The telephone has long been considered a 'lifeline' service, and established carriers have generally built there networks over decades, using the most solid engineering available to ensure reliability. The inter-exchange network is robust in that if any one path between exchanges fails, the exchanges automatically route calls through other functioning exchanges and links.
The telephone exchanges themselves are highly reliable pieces of equipment, considering the large number of connectors, circuit-boards and components they contain. Multiple redundant, hot-swappable CPU boards and power-supplies mean that the exchange can continue operation while almost any one part of it fails, or is being tested or replaced.

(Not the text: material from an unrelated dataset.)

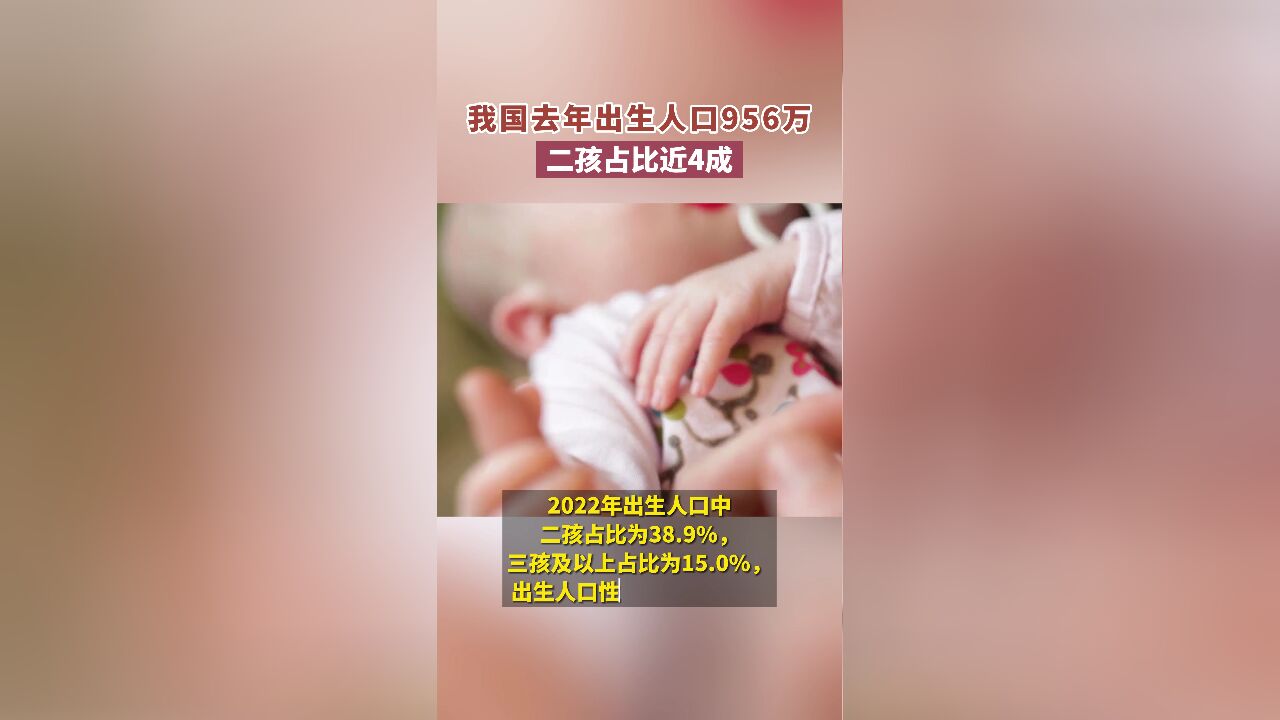 我国去年出生人口956万,二孩占比近4成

The software which the multiple CPUs in the exchange runs to perform the exchange's functions is written by the exchange manufacturers, and is rigorously tested to ensure that it will run reliably and fast enough under a wide range of conditions.

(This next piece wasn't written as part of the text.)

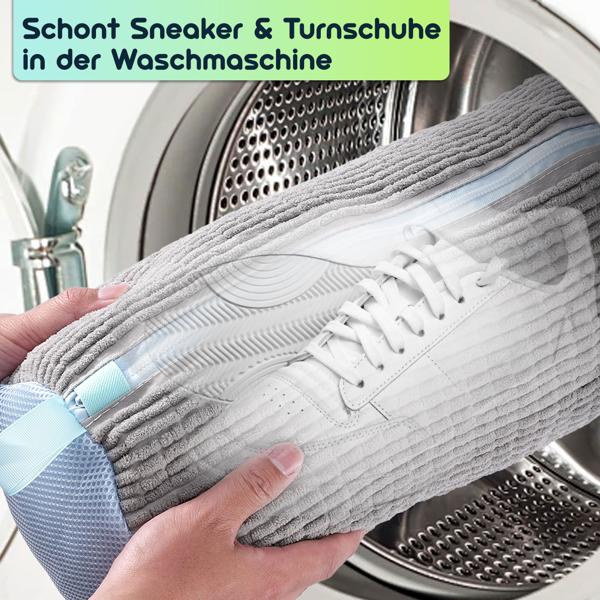 Schuhwaschbeutel mit Reinigungsfasern: Schont Sneaker & Turnschuhe in der Waschmaschine, Effektive Reinigung & Schutz - strahlend saubere Schuhe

While it would seem that the functions performed by an exchange are not particularly complex - basically receiving dial commands, setting up and closing calls, ringing customers telephones etc. - in fact there are many more tasks which must be performed with a very high reliability. Writing and testing software to achieve this, especially for a fault-tolerant multi-CPU architecture, in which different CPUs in different parts of the exchange must work together, is a demanding task. While carriers can request special features to be added to the software of their exchanges, even seemingly minor additional features can cost in excess of a million dollars to implement. So telephone exchanges are very much 'mainframe'-like devices. They perform certain functions reliably, but it can be very expensive to make them perform something new or different.

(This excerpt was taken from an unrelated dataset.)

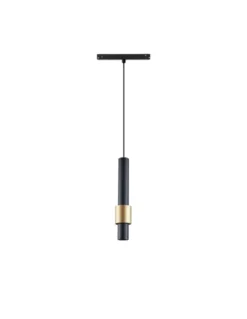 Lámpara colgante para carril 48V – Mantra – Diseño minimalista en negro y dorado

Each exchange maintains a substantial body of configuration data, as well as generating a continuous stream of billing and potentially fault-report data. These, and the software that the exchange CPUs run, is typically stored on hard-disk. Configuration data and operating software can be loaded locally or via the network and most modern exchanges can be managed remotely.
Since the hardware architectures of exchanges does not change a great deal in principle from one decade to another, and because they are capital-intensive devices with such high installation costs, the evolution of exchange features moves at a snail's pace compared to the lively development of software for Internet connected computers. Another factor is that carriers are generally more conservative than Internet Service Providers. This is partly a matter of corporate history, but also because the telephone is a service which must be provided with very high levels of reliability.